December 1939 marked an unusual moment in American politics. Although a raging world war consumed the European continent and the distant perimeter of the Pacific, the United States remained two years away from entry into the conflict. Instead, the domestic political landscape focused upon the approaching 1940 presidential election and what it portended for the future of the New Deal economic program.
Franklin Delano Roosevelt, the incumbent president, was approaching the end of his second term. While no formal mechanism prohibited him from seeking reelection, a longstanding convention dating to the presidency of George Washington had thus far dissuaded any president from seeking an extension of his term beyond the associated 8-year limit. A presumptive successor to Roosevelt for the Democratic nomination also waited in the wings, his own Vice President John Nance Garner.

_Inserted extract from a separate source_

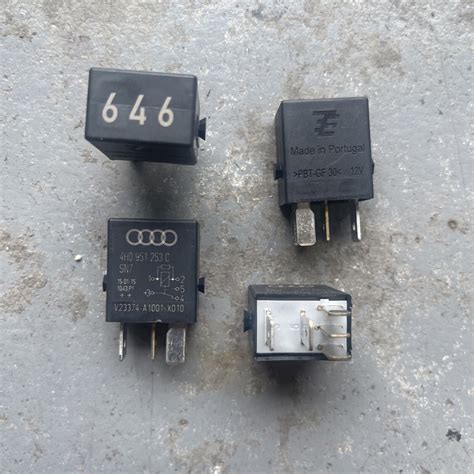 Lot Of Genuine Oem H C Volkswagen Relay Vw Audi Porsche Ebay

“Cactus Jack” Garner, as he was known from an old campaign trail nickname, led the early polls among Democratic voters. Although he backed most of Roosevelt’s legislative agenda over the previous 8 years, including playing an important bridge-building role as presiding officer of the Senate during the New Deal legislative battles, he also hailed from a more fiscally conservative wing of the party that worried about the long-term strains of deficit spending and that exhibited reservations about executive overreach, exemplified in his break with FDR over the failed court-packing scheme of 1937.
After months of speculation and favorable poll numbers, Cactus Jack broke his silence on December 17, 1939 with the announcement that he would “accept the nomination for president” in 1940. The news practically elevated Garner to presumptive nominee, with no other clear contenders in the field. No contenders, that is, except for Roosevelt himself, who was quietly preparing to break with Washington’s convention and seek an unprecedented third term.
As Garner mapped out his campaign, he turned to counting the prospective electoral votes in a November contest against the Republicans. The Texan expected to retain the Democratic strongholds of the “solid south” and aimed to continue the sweep of the western states that propelled his previous ticket into office in 1932 and 1936. The Republicans’ best chances of an electoral upset relied on reconstituting its pre-Depression bases in the population-heavy regions of the Northeast and Midwest, much of which would depend on who they selected as their own nominee in the coming months.
Although his motives were likely more opportunistic than principled, Garner recognized a potential wedge issue that would help to secure an untapped voting block for the Democratic campaign: African-Americans in northeastern and midwestern states, who faced comparatively fewer encroachments on their right to vote than in the southern states of the Jim Crow era. Hoping to secure this voting bloc for his own presidential ambitions, Garner began circulating rumors in January 1940 that he would use his position as presiding officer of the Senate to secure a federal anti-lynching law.
The rumor signaled a reversal by Garner, who previously opposed such legislation and played a role in allowing a similar bill to die under a southern Democratic filibuster in 1937. His announcement was therefore more a matter of worldly politicking than virtue, though it nonetheless offered a chance to break a longstanding deadlock that had impeded such legislation for more than two decades.